My last post offered an introduction to standard setting; today I’d like to go into more detail about establishing cut scores. There are many standard setting methods used to set cut scores. These methods are generally split into two types: a) question-centered approaches and b) participant-centered approaches. A few of the most popular methods, with very brief descriptions of each, are provided below. For more detailed information on standard setting procedures and methods see the book, Setting Performance Standards: Concepts, Methods, and Perspectives, edited by Gregory Cizek and Robert Sternberg.

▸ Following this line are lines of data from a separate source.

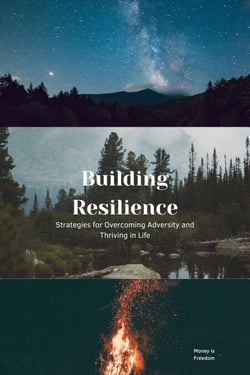 From Setbacks to Success: The Secrets of Resilient People and How to Apply Them to Your Life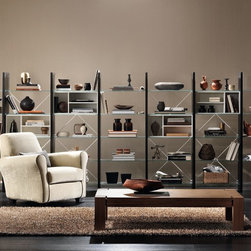 PROXIMA BY NATUZZI ITALIA - Products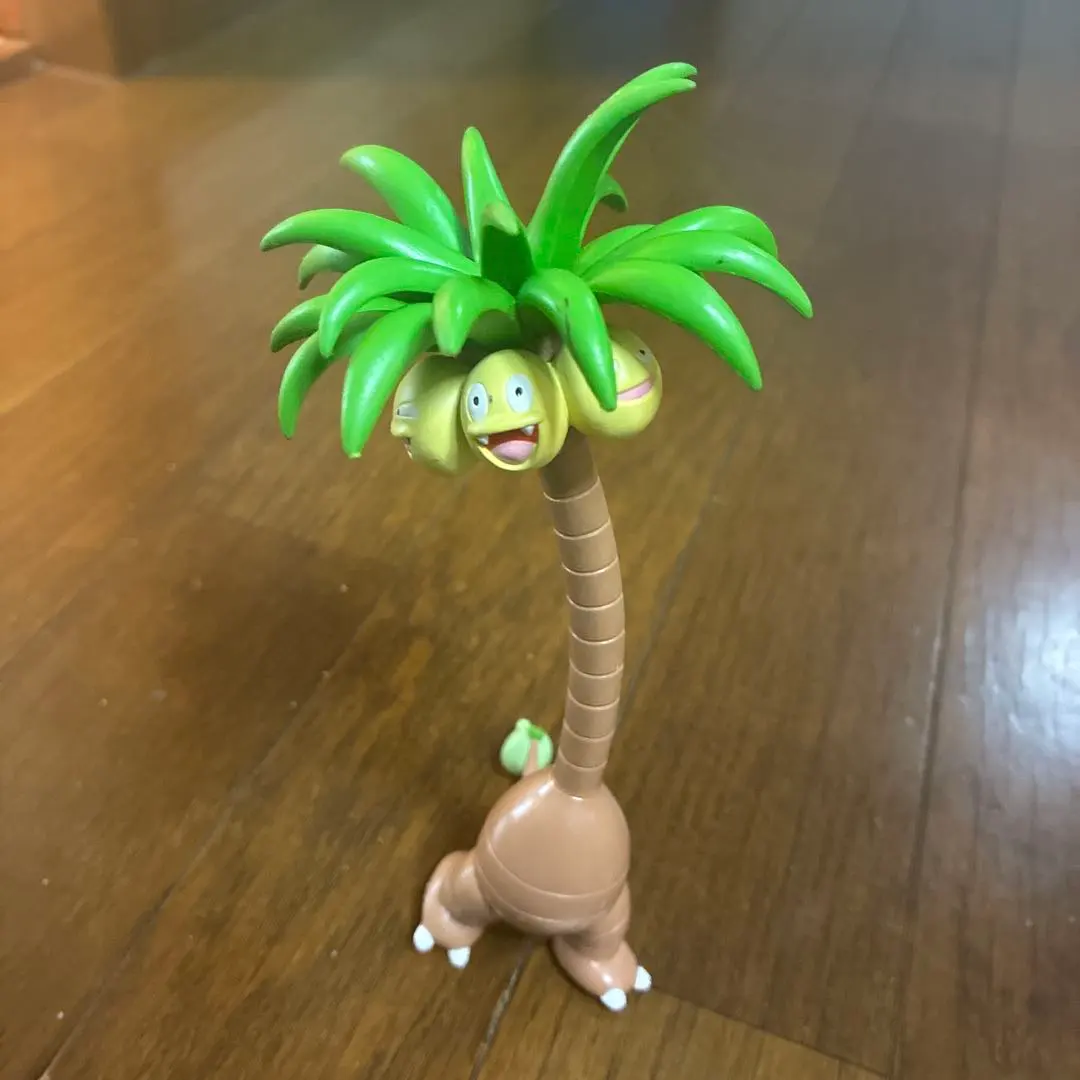 2026年最新】モンコレ アローラ ナッシーの人気アイテム - メルカリ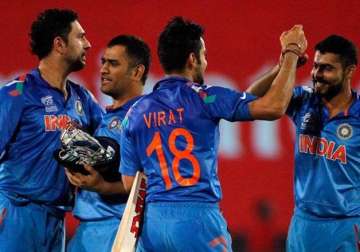 asia cup 2016 india aim to continue winning run against minnows uae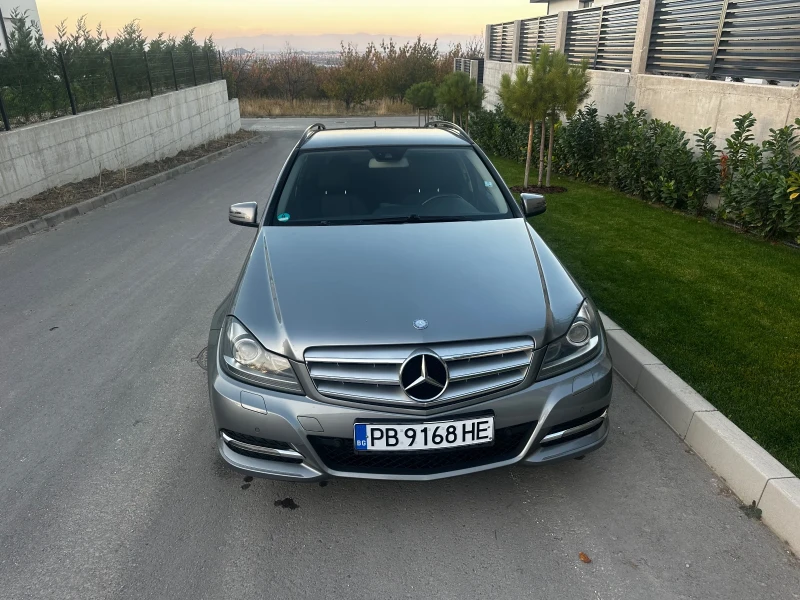 Mercedes-Benz C 220 BlueEFFICIENCY Avantgarde - 7500 € - 26403431 1 | Car24.bg Mercedes-Benz C 220 BlueEFFICIENCY Avantgarde - 7500 € - 26403431 1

  • Modified Angoff method (question-centered): Subject matter experts (SMEs) are generally briefed on the Angoff method and allowed to take the test with the performance levels in mind. SMEs are then asked to provide estimates for each question of the proportion of borderline or “minimally acceptable” participants that they would expect to get the question correct. The estimates are generally in p-value type form (e.g., 0.6 for item 1: 60% of borderline passing participants would get this question correct). Several rounds are generally conducted with SMEs allowed to modify their estimates given different types of information (e.g., actual participant performance information on each question, other SME estimates, etc.). The final determination of the cut score is then made (e.g., by averaging estimates or taking the median). This method is generally used with multiple-choice questions.
  • I like a dichotomous modified Angoff approach where, instead of using p-value type statistics, SMEs are asked to simply provide a 0/1 for each question (“0” if a borderline acceptable participant would get the question wrong and “1” if a borderline acceptable participant would get the item right)
  • Nedelsky method (question-centered): SMEs make decisions on a question-by-question basis regarding which of the question distracters they feel borderline participants would be able to eliminate as incorrect. This method is generally used with multiple-choice questions only.
  • Bookmark method (question-centered): Questions are ordered by difficulty (e.g., Item Response Theory b-parameters or Classical Test Theory p-values) from easiest to hardest. SMEs make “bookmark” determinations of where performance levels (e.g., cut scores) should be (“As the test gets harder, where would a participant on the boundary of the performance level not be able to get any more questions correct?”) This method can be used with virtually any question type (e.g., multiple-choice, multiple-response, matching, etc.).
  • Borderline groups method (participant-centered): A description is prepared for each performance category. SMEs are asked to submit a list of participants whose performance on the test should be close to the performance standard (borderline). The test is administered to these borderline groups and the median test score is used as the cut score. This method can be used with virtually any question type (e.g., multiple-choice, multiple response, essay, etc.).
  • Contrasting groups method (participant-centered): SMEs are asked to categorize the participants in their classes according to the performance category descriptions. The test is administered to all of the categorized participants and the test score distributions for each of the categorized groups are compared. Where the distributions of the contrasting groups intersect is where the cut score would be located. This method can be used with virtually any question type (e.g., multiple-choice, multiple response, essay, etc.).

I hope this was helpful and I am looking forward to talking more about an exciting psychometric topic soon!